# Directions for this task
As written and without pictures, set down the lines from the one that contains "These wood-eating cockroaches" through the end of the data.

# Records excerpted from a collection
================

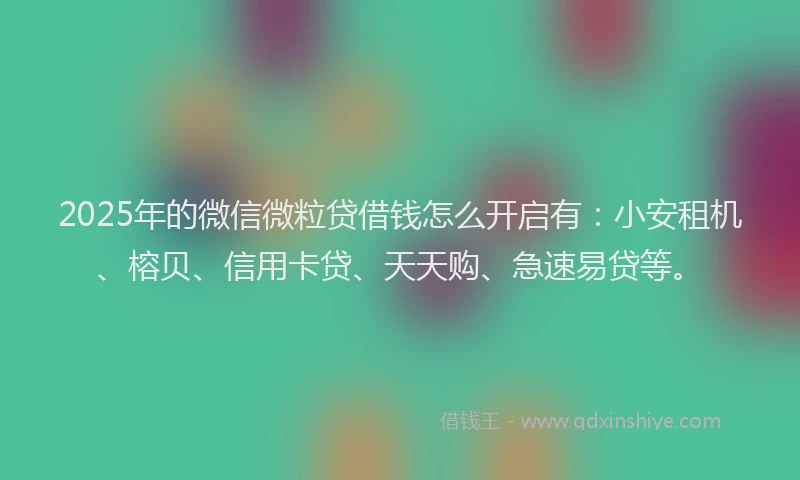 2025年的微信微粒贷借钱怎么开启有：小安租机、榕贝、信用卡贷、天天购、急速易贷等。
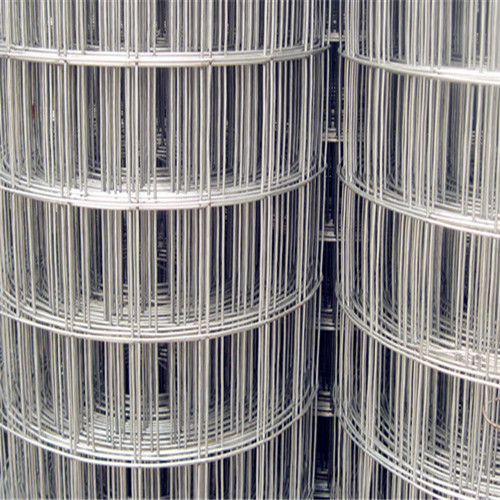 安平馳標廠家專業(yè)生產(chǎn)圈玉米網(wǎng)，圈玉米電焊網(wǎng)，鍍鋅圈玉米鐵絲網(wǎng)批發(fā)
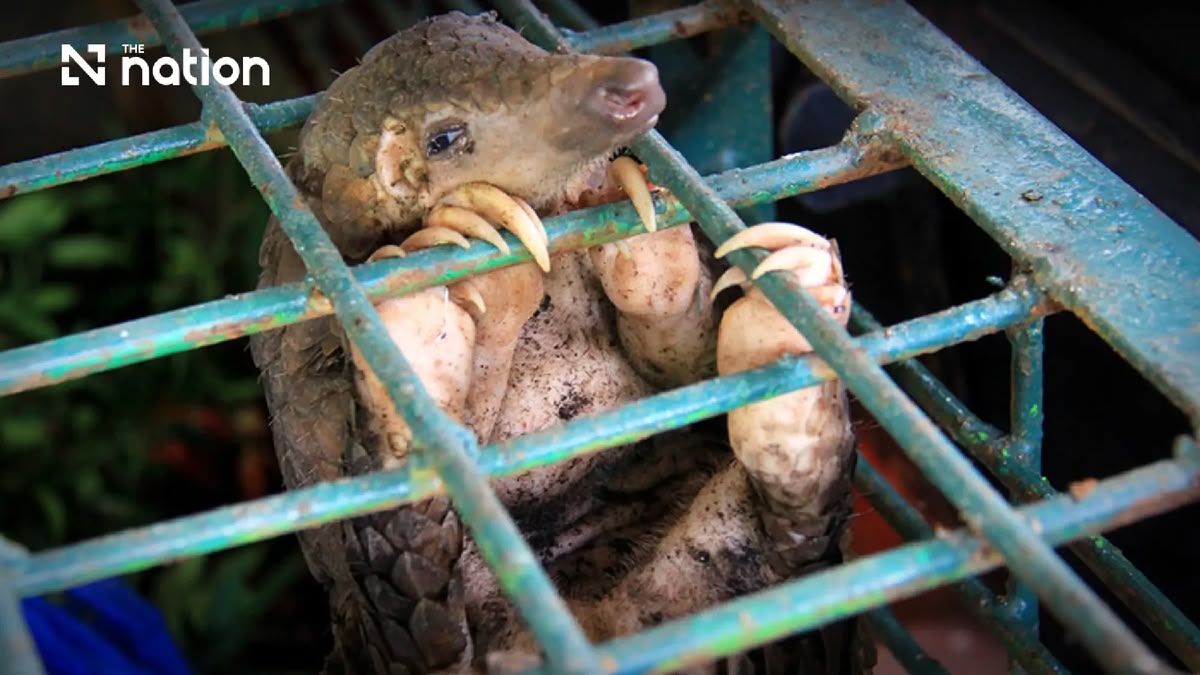 Wildtierhandel: Wo die nächste Pandemie beginnt
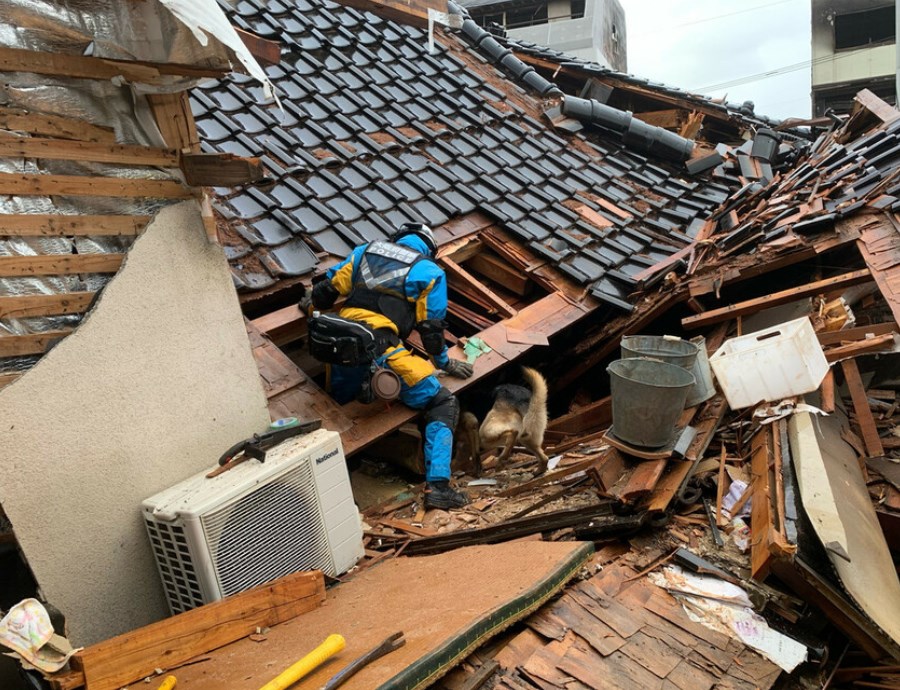 【能登地震】倒壊家屋、足止めた警備犬　心肺停止の被災者伝える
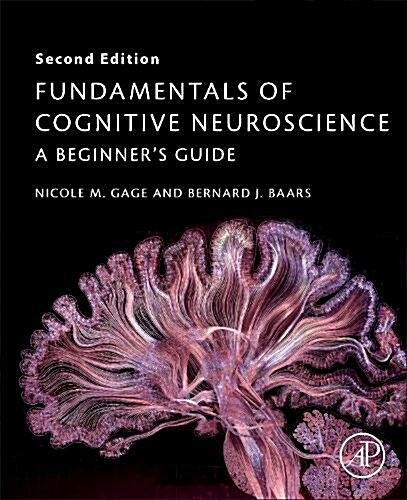 Fundamentals of Cognitive Neuroscience: A Beginners Guide (Paperback, 2)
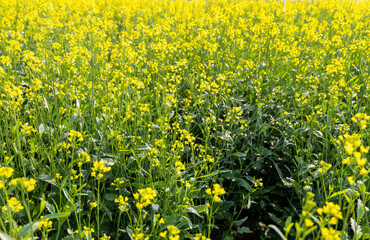 mustard field with yellow flowers at bright day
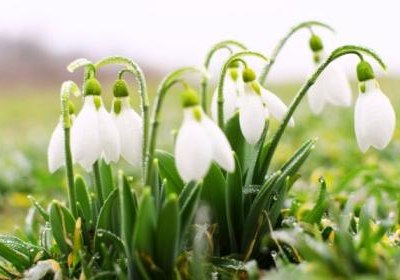 Przebiśniegi – kwiaty z krepiny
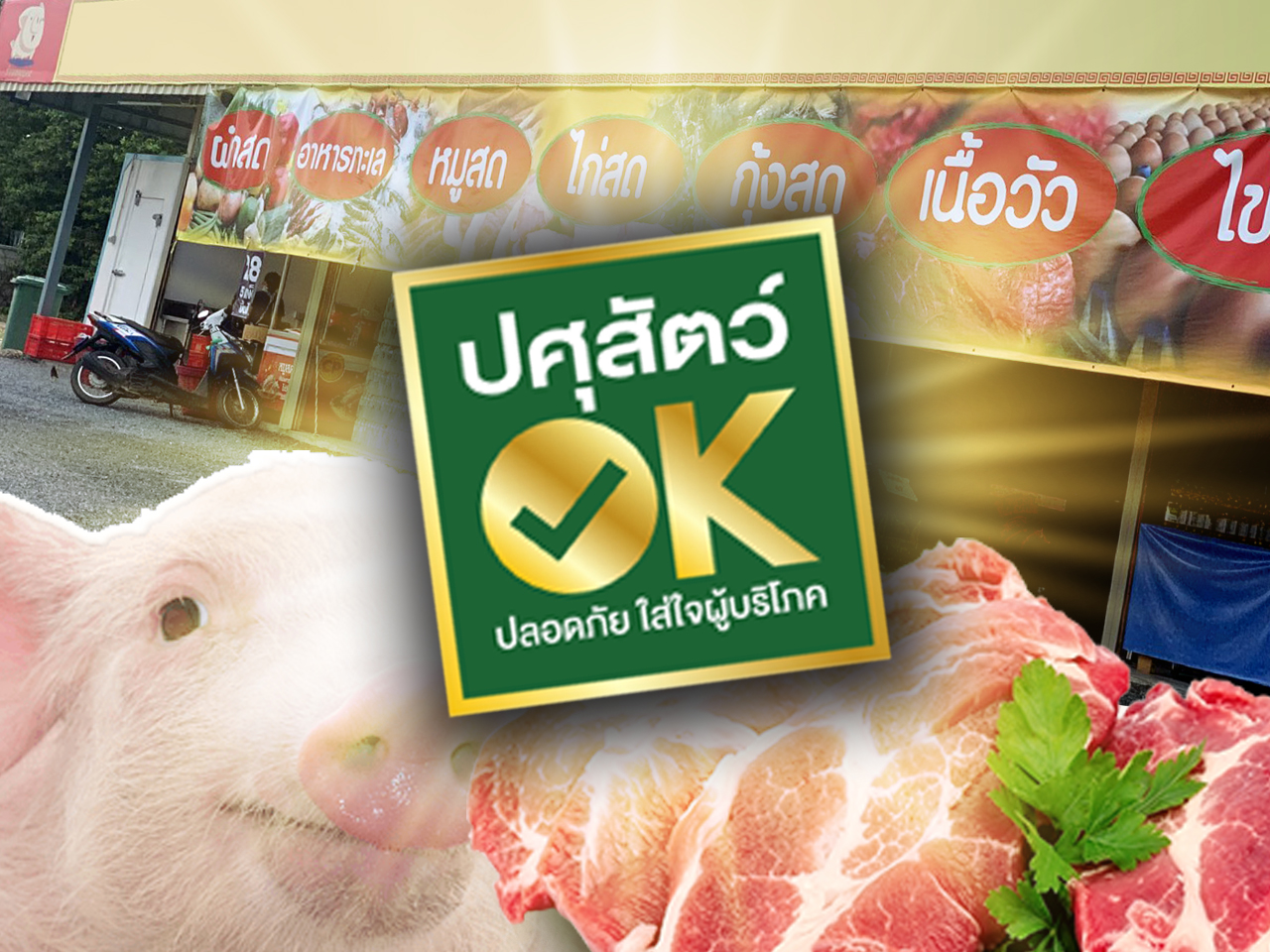ร้านขายหมูห้องแถวโผล่พรึ่บ ไม่หวั่นโรคระบาดถล่มราคาชาบูโลละ 100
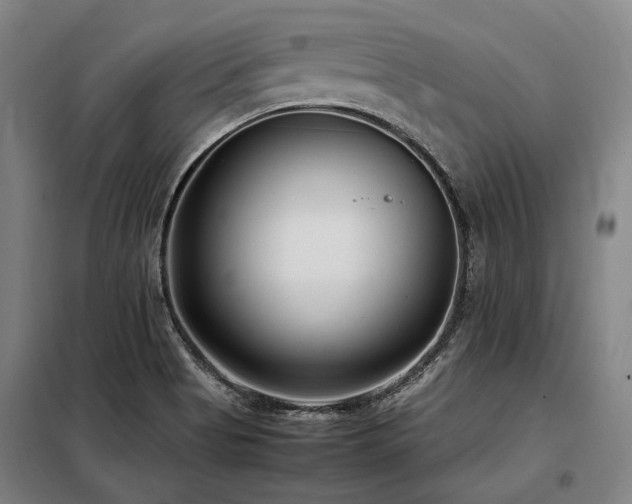 X0000098121513200804041356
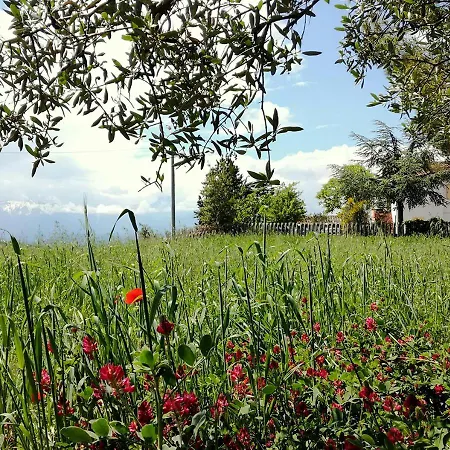 Bed & Breakfast Casa Amrita, Yoga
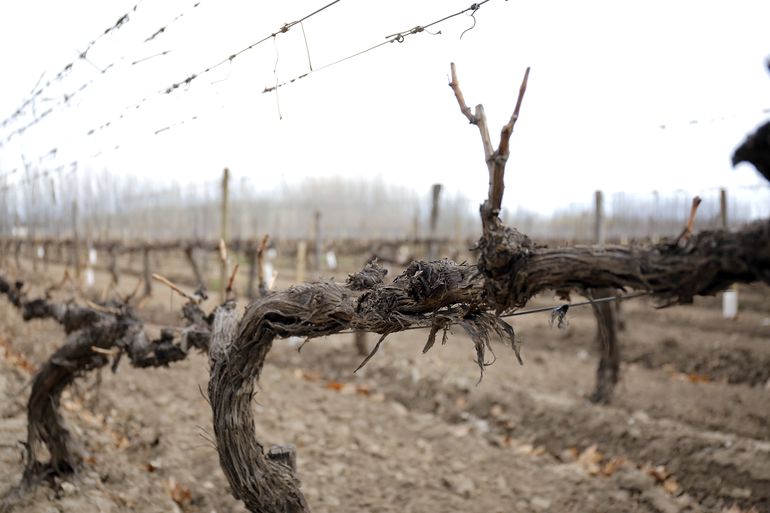 El vino argentino es la marca con la que se llega a los mercados mundiales. Pero la Patagonia tiene un plus su su indicación geográfica, que defienden todos los productores para posicionarse de manera distintiva.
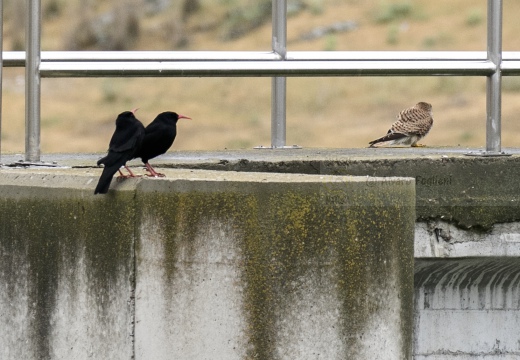 GRACCHIO CORALLINO, Chough, Pyrrhocorax pyrrhocorax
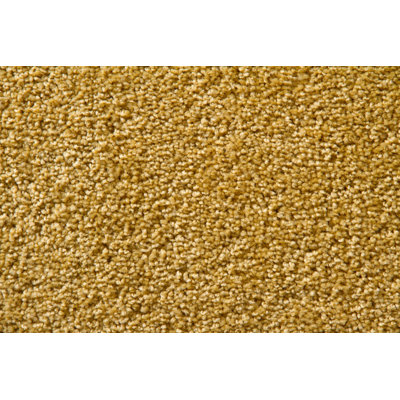Willenhall Solid Colour Area Rug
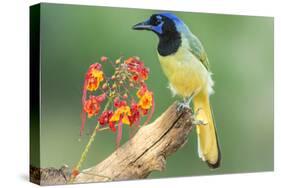 Texas, Hidalgo County. Green Jay on Log-Jaynes Gallery-Stretched Canvas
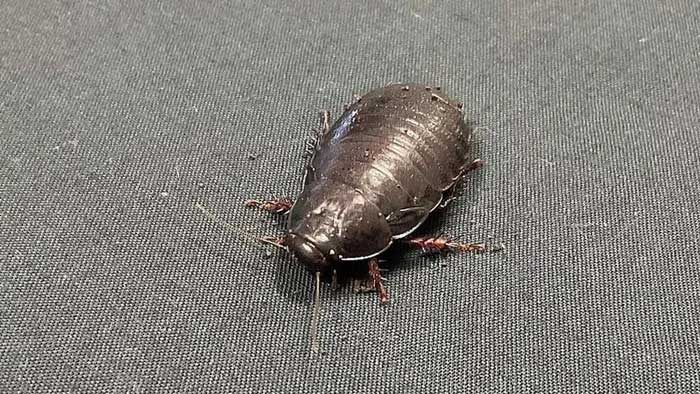 These wood-eating cockroaches once lived all over Lord Howe Island.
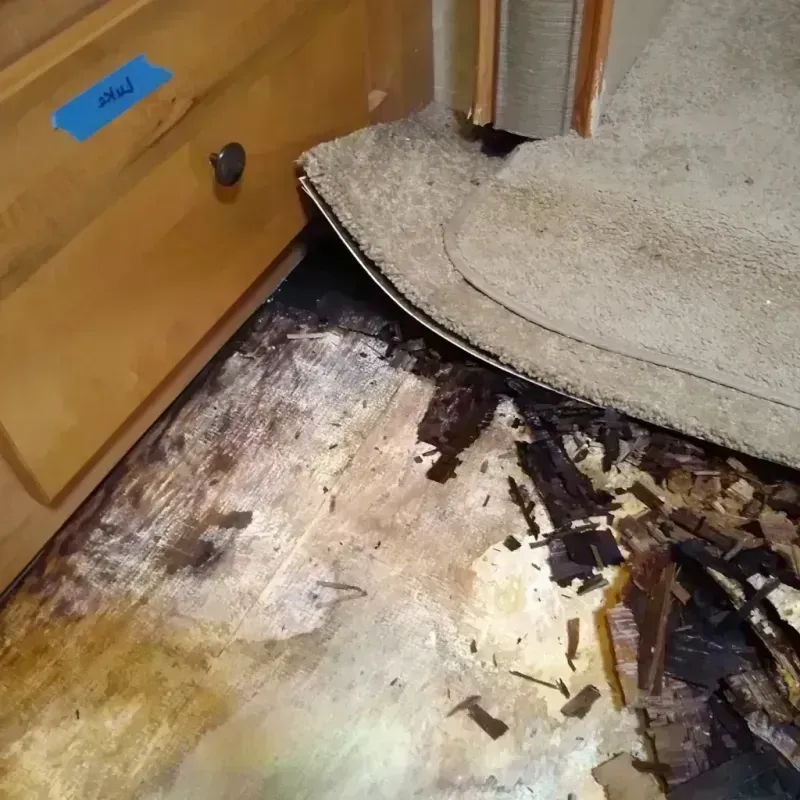 Best Wood Floor Water Damage Service in Charlevoix, MI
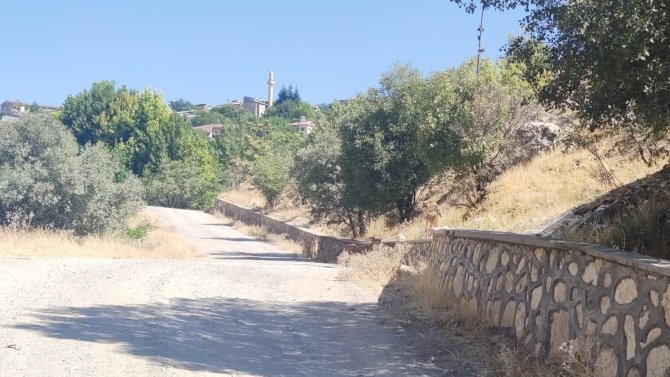 Koruma altındaki dağ keçileri şehre indi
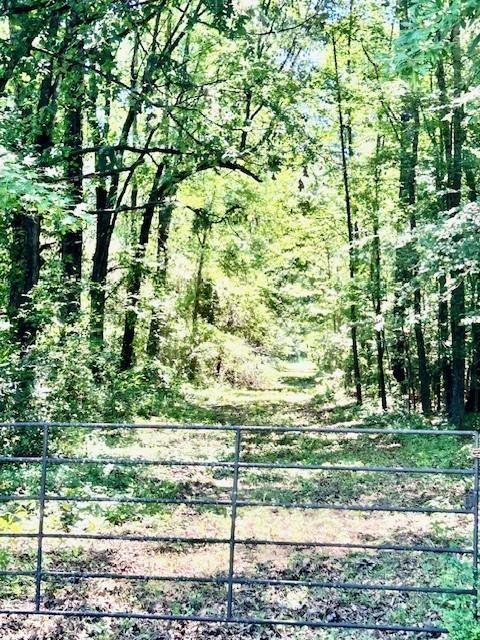 75 Acres - Land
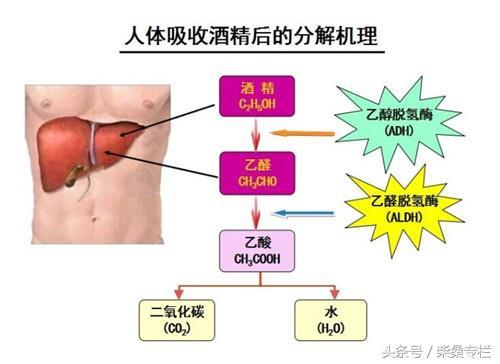 喝酒，到底是養生還是傷身？告訴你酒的這三個真相，從此懂喝酒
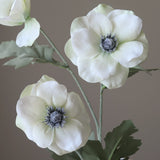 White Anemone Flower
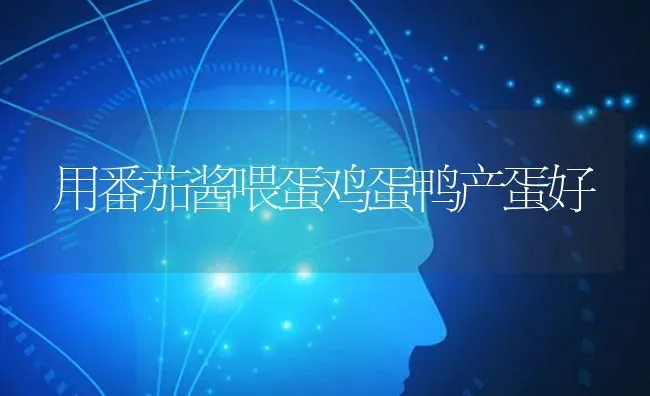 用番茄酱喂蛋鸡蛋鸭产蛋好 | 家禽养殖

================

# Exercise response
 These wood-eating cockroaches once lived all over Lord Howe Island.
 Best Wood Floor Water Damage Service in Charlevoix, MI
 Koruma altındaki dağ keçileri şehre indi
 75 Acres - Land
 喝酒，到底是養生還是傷身？告訴你酒的這三個真相，從此懂喝酒
 White Anemone Flower
 用番茄酱喂蛋鸡蛋鸭产蛋好 | 家禽养殖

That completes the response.